If you agree with that, then don’t you think she would need to massively re-frame her statement. Talking about doing something like this without describing the massive hardship we would face would seem to be incredibly irresponsible. In fact, she would have to transform her entire candidacy as that type of proposal would overwhelm every single other item she is proposing.
It is necessary to see who has indeed the craziest policy proposal.
Not overall, as the studies that were linked show. In specific areas it will, but that will depend on how stubborn the Republicans are about improving the safety nets that are needed to help the people that will be affected.
And here are the talking points of the polluters, really, look it up. That is not what the ones that propose the changes are going for.
And I don’t agree as the doomsday scenarios of the polluters are happening less when more independent power is available. (most recent news of blackouts in the west are due to a lack of independent sources of power that would had limited the possibility for the blackouts to take place) the most likely result of improving our electrical grid to let solar power and other alternatives (yes, even nuclear) to be present in larger numbers, leads to limit and to also prevent the more numerous rolling blackouts of the past.
If you can’t accept that shutting in 40% of coal production, 14% of gas production, and 18% of oil production would even have a short term negative impact then there is no point in discussing this.
You are comparing off of a historically mild winter. 2) You are talking over an 8-year period. 3) This is occurring as a result of massive boom in natural gas production, which is up roughly 40% in that same time period. 4) You are talking about a market driven reduction as opposed to effectively invalidating leases.
If Hillary Clinton says she has a goal of reducing coal production by something like 25% to 50% in the next 5 to 10 years, then I would not consider that completely crazy.

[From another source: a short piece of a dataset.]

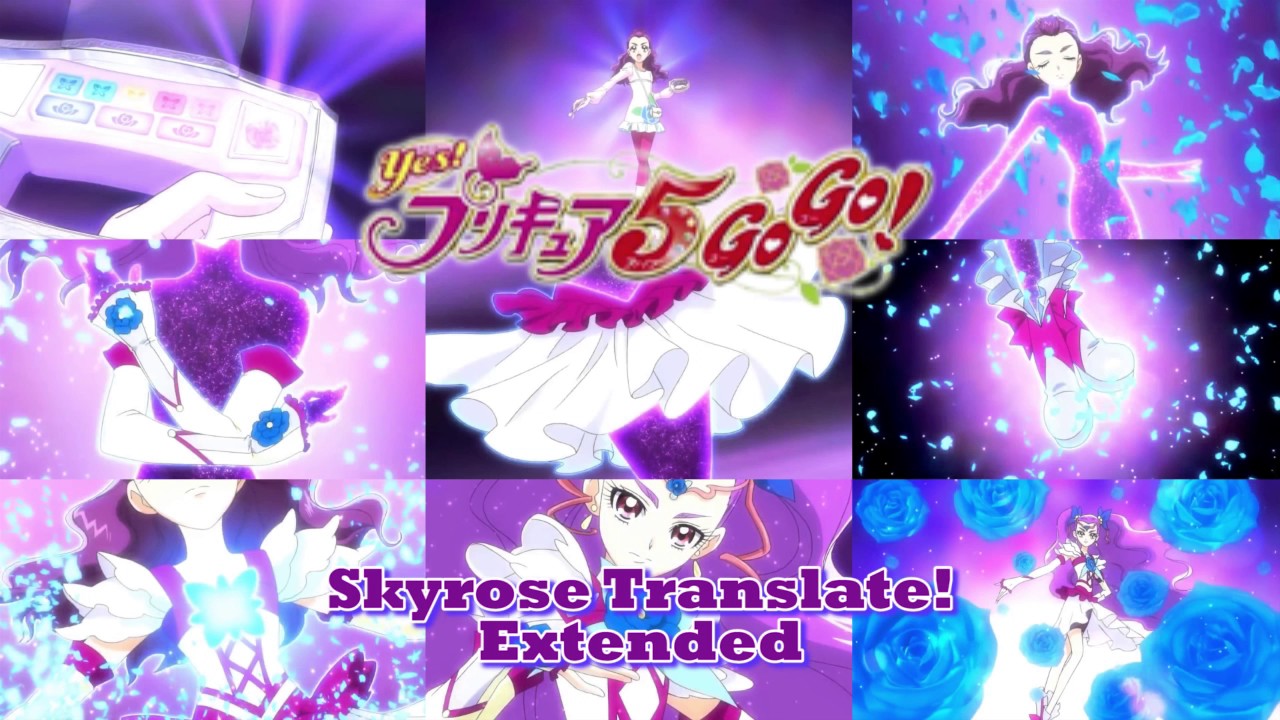 Skyrose Translate! - Yes! Pretty Cure 5 Gogo Music Extended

Coal is going to keep declining. If she sets some aggressive CO2 emissions goal or fuel efficiency standard that must be met, that’s not crazy even if it is unrealistically aggressive. Calling the shutting in of all fossil fuel production on federal lands a done deal is absolutely ludicrous. Suspending new leases or setting new regulations is not.
I think you’re reading an awful lot into an off-the-cuff sentence from Clinton, a candidate known for having lots of white papers and whose energy policy clearly contemplates further fossil fuel extraction on public lands. I would read “moratorium on fossil fuel leases” as suspending new leases, not shutting down all current fossil fuel production–and even that she seems to have walked back (unfortunately).
In what way am I wrong? Take away 20% of our electricity production and we’re going to experience problems.
Well, you’re wrong on the no new regulation front. Coal is declining due to a combination of cheap, abundant natural gas and increased costs caused by new regulations. Not sure what your point is.
What? They weren’t. At all.
Nope, totally insane to the point that there was no way she was remotely serious. She’s pandering to idiots.
Not what was seen in California, and I cited that already.
:rolleyes:
That is what I was talking about, what I was referring to is how the one sin favor of the fossil fuel companies for get about that and just blame regulations. Regulations that once again are not here yet. And still the coal companies are going down.
Yes, again you were wrong about the rolling blackouts and cited also.
As it is clear one of those “idiots” is me, you should take that back.